Lead
Die Reformation verstand sich als Bruch mit der mittelalterlichen Vergangenheit der Kirche, obwohl sie als Strang von historischen Ereignissen selbstverständlich tief in ihrem historischen Kontext verankert war. Die Kontinuitäten, die sich daraus ergaben, prägten die reformierte Tradition viel deutlicher, als oft zugestanden wurde und noch heute zugestanden wird.

Lay summary
Dass die Reformatoren der traditionellen Kirche gegenüber kritisch waren und vor allem betonten, was sie ändern und erneuern wollten, lag in der Natur ihres Anliegens, die mittelalterliche Kirche zu re-formieren. Dennoch waren sie selbst tief in mittelalterlichen Traditionen verwurzelt und äusserten ihre Kritik oft aus Standpunkten heraus, die sich aus theologischen Einsichten des Mittelalters speisten. Das vorliegende Projekt nimmt sich vor, hinter die polemische Rhetorik des 16. Jahrhunderts zurückzublicken, die bis heute viel zu oft einfach übernommen wird, und zu untersuchen, welche Rolle mittelalterliche Denkansätze für die Ausbildung der reformierten Tradition gespielt haben. Es setzt dazu einerseits geographische Schwerpunkte (reformierte Schweiz, Kurpfalz, Schottland und Frankreich), andererseits fokussiert es auf eine spezifische mittelalterliche Denktradition, die für den reformierten Ast der Reformation besonders wichtig gewesen zu sein scheint: die auf Johannes Duns Scotus zurückgehende Denkrichtung des Scotismus.

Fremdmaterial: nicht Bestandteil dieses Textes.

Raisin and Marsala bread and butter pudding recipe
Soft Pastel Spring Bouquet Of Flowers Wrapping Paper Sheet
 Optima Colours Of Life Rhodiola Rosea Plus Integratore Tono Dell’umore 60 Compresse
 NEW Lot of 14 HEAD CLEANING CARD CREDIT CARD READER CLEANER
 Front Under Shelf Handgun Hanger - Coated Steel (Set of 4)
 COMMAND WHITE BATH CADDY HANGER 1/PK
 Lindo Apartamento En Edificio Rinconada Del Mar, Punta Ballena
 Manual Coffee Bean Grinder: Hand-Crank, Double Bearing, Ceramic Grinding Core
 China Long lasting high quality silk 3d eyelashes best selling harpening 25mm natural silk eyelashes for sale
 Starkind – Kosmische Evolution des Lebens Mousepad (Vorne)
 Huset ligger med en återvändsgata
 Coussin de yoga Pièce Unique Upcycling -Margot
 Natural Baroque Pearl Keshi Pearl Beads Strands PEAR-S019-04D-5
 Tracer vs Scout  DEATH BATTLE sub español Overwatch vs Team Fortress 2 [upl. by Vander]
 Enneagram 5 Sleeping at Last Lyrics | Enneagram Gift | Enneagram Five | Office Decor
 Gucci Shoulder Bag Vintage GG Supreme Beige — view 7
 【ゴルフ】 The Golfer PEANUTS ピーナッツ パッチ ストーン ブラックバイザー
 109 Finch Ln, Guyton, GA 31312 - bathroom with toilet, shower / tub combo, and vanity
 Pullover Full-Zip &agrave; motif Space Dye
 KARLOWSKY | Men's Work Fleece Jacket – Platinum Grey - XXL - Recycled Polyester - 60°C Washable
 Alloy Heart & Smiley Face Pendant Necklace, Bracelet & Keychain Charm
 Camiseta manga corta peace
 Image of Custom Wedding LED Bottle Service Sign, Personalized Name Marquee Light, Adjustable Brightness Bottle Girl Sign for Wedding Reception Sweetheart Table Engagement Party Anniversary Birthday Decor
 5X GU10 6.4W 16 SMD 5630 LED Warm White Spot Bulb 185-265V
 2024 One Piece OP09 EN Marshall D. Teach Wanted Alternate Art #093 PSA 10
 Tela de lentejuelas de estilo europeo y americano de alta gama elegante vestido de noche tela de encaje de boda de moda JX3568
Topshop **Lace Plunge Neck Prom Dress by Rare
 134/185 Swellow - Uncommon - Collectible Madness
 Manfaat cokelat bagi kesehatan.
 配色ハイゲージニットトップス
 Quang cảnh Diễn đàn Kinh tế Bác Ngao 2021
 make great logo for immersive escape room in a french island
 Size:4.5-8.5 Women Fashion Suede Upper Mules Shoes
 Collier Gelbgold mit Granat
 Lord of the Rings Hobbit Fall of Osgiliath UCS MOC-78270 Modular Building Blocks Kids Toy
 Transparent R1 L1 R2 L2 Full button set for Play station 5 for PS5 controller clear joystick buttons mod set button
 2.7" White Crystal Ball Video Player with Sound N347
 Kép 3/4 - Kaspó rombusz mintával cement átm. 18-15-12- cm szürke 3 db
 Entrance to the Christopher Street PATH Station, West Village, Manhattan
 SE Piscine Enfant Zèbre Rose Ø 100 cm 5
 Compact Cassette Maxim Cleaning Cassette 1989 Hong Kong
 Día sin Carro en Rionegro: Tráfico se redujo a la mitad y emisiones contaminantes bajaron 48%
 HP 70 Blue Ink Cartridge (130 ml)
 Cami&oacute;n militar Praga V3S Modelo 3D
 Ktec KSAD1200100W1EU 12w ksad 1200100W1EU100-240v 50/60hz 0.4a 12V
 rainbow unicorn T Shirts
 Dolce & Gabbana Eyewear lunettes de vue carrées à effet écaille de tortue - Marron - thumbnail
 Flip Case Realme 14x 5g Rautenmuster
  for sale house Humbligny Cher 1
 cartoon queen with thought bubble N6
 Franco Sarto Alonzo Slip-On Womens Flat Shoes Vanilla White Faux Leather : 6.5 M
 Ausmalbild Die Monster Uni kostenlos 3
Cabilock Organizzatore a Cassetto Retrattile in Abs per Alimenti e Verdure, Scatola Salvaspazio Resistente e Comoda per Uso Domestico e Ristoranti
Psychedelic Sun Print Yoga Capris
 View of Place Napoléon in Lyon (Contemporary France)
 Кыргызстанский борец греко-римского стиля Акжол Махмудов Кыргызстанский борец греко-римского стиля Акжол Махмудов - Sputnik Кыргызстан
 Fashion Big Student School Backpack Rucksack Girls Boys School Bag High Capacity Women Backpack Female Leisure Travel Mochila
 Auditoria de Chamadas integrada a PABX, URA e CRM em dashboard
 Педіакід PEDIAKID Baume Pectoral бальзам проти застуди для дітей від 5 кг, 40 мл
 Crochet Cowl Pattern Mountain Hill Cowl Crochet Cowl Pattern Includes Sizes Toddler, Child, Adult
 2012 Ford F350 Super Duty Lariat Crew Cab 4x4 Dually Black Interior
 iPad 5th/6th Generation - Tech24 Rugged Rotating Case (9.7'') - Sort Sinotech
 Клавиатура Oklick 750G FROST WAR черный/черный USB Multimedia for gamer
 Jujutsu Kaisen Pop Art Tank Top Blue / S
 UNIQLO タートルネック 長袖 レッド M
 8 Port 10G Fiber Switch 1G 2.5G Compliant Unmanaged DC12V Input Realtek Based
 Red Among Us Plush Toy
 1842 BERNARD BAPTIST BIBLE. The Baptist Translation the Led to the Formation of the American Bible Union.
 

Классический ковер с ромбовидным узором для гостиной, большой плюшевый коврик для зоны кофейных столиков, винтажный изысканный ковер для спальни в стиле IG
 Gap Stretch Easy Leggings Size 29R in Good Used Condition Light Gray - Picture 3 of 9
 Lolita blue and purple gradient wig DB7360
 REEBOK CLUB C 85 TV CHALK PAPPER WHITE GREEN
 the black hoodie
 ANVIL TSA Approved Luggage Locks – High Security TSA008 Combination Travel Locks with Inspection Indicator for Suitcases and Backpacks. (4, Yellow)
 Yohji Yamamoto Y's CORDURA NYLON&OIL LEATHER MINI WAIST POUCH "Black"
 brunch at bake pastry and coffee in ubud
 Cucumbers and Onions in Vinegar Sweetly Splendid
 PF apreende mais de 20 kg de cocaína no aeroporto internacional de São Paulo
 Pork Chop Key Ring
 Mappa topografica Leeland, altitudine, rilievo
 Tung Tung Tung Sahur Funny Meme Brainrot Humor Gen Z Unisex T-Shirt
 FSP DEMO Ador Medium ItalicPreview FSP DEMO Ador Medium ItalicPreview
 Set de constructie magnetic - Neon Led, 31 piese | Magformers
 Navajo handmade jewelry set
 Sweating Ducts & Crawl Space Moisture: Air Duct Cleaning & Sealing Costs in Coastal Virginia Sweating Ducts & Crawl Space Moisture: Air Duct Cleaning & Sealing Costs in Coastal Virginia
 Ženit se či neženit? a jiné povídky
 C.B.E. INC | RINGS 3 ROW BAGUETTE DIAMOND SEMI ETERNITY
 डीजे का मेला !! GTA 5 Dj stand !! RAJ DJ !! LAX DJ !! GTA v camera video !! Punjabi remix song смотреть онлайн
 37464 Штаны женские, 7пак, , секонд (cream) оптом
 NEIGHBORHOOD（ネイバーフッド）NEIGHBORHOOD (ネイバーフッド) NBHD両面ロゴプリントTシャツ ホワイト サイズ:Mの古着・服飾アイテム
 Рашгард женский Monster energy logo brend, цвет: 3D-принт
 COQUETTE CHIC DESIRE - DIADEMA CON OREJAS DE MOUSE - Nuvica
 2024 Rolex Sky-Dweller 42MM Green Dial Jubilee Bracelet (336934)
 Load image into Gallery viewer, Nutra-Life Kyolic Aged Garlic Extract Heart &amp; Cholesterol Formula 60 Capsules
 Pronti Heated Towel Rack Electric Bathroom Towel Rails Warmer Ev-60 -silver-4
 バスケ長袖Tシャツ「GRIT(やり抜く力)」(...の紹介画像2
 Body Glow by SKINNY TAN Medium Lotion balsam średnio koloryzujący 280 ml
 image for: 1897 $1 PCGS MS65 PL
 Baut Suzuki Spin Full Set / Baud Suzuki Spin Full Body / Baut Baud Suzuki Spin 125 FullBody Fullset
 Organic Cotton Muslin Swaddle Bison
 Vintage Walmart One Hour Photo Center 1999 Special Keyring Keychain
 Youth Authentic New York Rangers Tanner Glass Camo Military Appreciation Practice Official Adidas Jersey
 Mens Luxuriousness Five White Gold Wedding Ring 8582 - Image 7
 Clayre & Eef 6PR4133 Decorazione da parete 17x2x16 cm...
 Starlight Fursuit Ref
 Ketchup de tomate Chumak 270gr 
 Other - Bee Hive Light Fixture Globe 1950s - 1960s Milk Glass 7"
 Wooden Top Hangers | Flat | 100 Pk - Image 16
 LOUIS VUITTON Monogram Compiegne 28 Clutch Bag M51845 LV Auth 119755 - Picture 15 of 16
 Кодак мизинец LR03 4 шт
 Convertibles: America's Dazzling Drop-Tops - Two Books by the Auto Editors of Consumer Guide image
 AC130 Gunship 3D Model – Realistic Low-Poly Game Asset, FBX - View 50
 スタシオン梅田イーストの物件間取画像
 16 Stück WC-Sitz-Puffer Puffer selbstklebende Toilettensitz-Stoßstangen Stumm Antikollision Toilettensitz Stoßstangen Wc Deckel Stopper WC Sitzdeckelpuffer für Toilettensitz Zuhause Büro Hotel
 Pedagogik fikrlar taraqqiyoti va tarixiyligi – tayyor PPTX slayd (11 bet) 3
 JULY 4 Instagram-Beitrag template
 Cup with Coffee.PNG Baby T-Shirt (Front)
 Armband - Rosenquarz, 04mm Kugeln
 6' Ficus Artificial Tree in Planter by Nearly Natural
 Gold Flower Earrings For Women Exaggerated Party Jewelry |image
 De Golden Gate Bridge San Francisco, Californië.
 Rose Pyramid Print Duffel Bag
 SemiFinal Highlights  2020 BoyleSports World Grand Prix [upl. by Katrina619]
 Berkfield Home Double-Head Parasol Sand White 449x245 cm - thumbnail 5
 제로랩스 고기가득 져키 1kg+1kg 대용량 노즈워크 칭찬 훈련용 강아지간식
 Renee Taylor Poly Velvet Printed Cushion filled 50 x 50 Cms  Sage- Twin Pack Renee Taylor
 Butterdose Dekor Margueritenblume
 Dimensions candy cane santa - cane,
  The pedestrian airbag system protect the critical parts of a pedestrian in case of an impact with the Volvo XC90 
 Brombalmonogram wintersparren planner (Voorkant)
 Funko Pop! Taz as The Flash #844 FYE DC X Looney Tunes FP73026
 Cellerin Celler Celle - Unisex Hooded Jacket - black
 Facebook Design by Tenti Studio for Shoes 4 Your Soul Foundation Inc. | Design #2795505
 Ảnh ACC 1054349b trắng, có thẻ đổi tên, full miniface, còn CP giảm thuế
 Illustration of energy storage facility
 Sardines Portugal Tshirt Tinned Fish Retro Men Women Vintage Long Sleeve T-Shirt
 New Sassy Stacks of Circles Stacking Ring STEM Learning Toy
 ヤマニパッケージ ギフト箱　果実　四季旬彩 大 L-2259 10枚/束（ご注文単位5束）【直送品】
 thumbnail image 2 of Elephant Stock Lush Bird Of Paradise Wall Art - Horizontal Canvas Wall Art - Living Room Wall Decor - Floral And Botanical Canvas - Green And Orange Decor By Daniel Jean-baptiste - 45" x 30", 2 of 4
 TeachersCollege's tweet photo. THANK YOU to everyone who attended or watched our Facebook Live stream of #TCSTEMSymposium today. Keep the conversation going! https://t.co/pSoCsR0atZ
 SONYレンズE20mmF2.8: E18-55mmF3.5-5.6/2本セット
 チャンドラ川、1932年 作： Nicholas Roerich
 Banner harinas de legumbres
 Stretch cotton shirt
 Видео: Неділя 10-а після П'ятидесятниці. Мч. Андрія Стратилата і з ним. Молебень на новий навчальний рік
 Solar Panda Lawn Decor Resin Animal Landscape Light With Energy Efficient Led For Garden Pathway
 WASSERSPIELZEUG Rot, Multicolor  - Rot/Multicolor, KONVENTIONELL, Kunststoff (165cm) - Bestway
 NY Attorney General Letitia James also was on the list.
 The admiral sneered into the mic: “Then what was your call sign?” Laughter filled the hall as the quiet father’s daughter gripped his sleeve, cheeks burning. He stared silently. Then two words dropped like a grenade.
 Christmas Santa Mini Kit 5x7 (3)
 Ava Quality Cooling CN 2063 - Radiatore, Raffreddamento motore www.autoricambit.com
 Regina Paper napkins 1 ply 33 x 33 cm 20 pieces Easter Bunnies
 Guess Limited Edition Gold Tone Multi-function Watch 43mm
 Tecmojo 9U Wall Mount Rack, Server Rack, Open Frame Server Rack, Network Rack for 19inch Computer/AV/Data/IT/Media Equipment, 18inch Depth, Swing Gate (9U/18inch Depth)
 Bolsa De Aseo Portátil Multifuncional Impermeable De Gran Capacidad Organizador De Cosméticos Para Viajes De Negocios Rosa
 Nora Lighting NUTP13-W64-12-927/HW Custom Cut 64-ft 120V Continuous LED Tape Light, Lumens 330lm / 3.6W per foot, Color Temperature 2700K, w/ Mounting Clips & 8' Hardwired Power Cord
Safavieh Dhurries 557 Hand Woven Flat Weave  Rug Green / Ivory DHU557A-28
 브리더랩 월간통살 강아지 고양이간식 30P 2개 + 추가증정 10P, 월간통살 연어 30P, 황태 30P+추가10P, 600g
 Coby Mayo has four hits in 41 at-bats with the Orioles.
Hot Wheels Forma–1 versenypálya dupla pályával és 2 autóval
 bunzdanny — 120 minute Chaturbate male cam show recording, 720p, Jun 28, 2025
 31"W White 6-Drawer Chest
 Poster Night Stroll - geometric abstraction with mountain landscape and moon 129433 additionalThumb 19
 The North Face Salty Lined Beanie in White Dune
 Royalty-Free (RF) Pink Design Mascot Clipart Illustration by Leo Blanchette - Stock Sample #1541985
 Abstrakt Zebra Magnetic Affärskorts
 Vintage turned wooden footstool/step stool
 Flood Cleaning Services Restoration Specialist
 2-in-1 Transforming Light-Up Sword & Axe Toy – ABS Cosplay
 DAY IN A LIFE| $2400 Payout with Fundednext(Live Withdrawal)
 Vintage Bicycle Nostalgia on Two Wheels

Wissenschaftlicher und gesellschaftlicher Kontext
Das Projekt schlägt Brücken zwischen Theologie, Philosophie und Geschichte, und es verbindet mediävistische und frühneuzeitliche Fragestellungen. Zum Aufspüren von Rezeptionsverhältnissen greift es zudem auf Ansätze der Digital Humanities zurück. Damit leistet es einen kritischen Beitrag zur Entstehungsgeschichte einer Tradition, die das moderne Denken bis heute prägt.